With the decision by Paul Ryan to forgo a presidential run, there is much discussion about Republican elites’ desire to find a wonky choice for president. But pundits and liberals eager to paint the GOP field as deficient may be overstating the case.
For those who remember the 1980 election, Jack Kemp was thought by many smart conservatives to be the brainy leader of the movement. It turned out that Ronald Reagan’s combination of conservative values and superb political skills made him the best equipped candidate to lead the movement, capture the White House and enact conservative policies. The lesson: The candidate with the smartest, most forward-thinking vision is not always able to be the Republican nominee. And that can be a good thing.
The question now becomes for conservatives not who is sort-of-like-Ryan, but who can win and bring a reform agenda into the White House. It is quite possible that either Texas Gov. Rick Perry or Mitt Romney can do it. It requires, however, each to stretch beyond his comfort zone.
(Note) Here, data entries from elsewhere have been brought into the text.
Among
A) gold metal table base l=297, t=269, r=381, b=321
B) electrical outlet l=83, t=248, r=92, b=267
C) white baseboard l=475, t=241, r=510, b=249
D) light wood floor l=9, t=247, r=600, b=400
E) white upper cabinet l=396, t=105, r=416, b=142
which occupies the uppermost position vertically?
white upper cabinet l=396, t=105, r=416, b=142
For Perry, there are legitimate questions as to how much he contributed to the Texas job miracle. Ross Douthat argues, “When Perry became governor, taxes were already low, regulations were light, and test scores were on their way up. He didn’t create the zoning rules that keep Texas real estate affordable, or the strict lending requirements that minimized the state’s housing bubble. Over all, the Texas model looks like something he inherited rather than a system he built.” Perry needs to explain why that is wrong, remind voters of the policies he deployed and make the case why that’s a formula for success at the national level.
Ronald Reagan was tagged as a dumb actor when in reality he had thought, spoken and written on the great issues of the day for decades. Perry might not have the same flair for conservative policy, but certainly he can speak about how conservative ideas benefit ordinary Americans. To do this and to avoid turning off suburban voters, business leaders and conservative smart guys he must, to be blunt, start sounding more presidential and less like a talk show host. In short, Perry will sound smarter if he uses the rhetoric of a reformer not a rightwing blogger.
Romney has wisely scheduled a speech on jobs for early September. He should follow that up with major addresses on entitlement and tax reform. His smarts are not at issue, but his convictions are. In laying out his plans he is going to have to convince Republican voters that his policies stem from an overarching vision about liberty, free markets, and American exceptionalism.
You can imagine either candidate “growing” during the campaign — not as liberals use that term (to become less conservative), but as conservatives do. Who can project a larger purpose and a more uplifting conservative message? Whoever can do that, I would suggest, will be the nominee.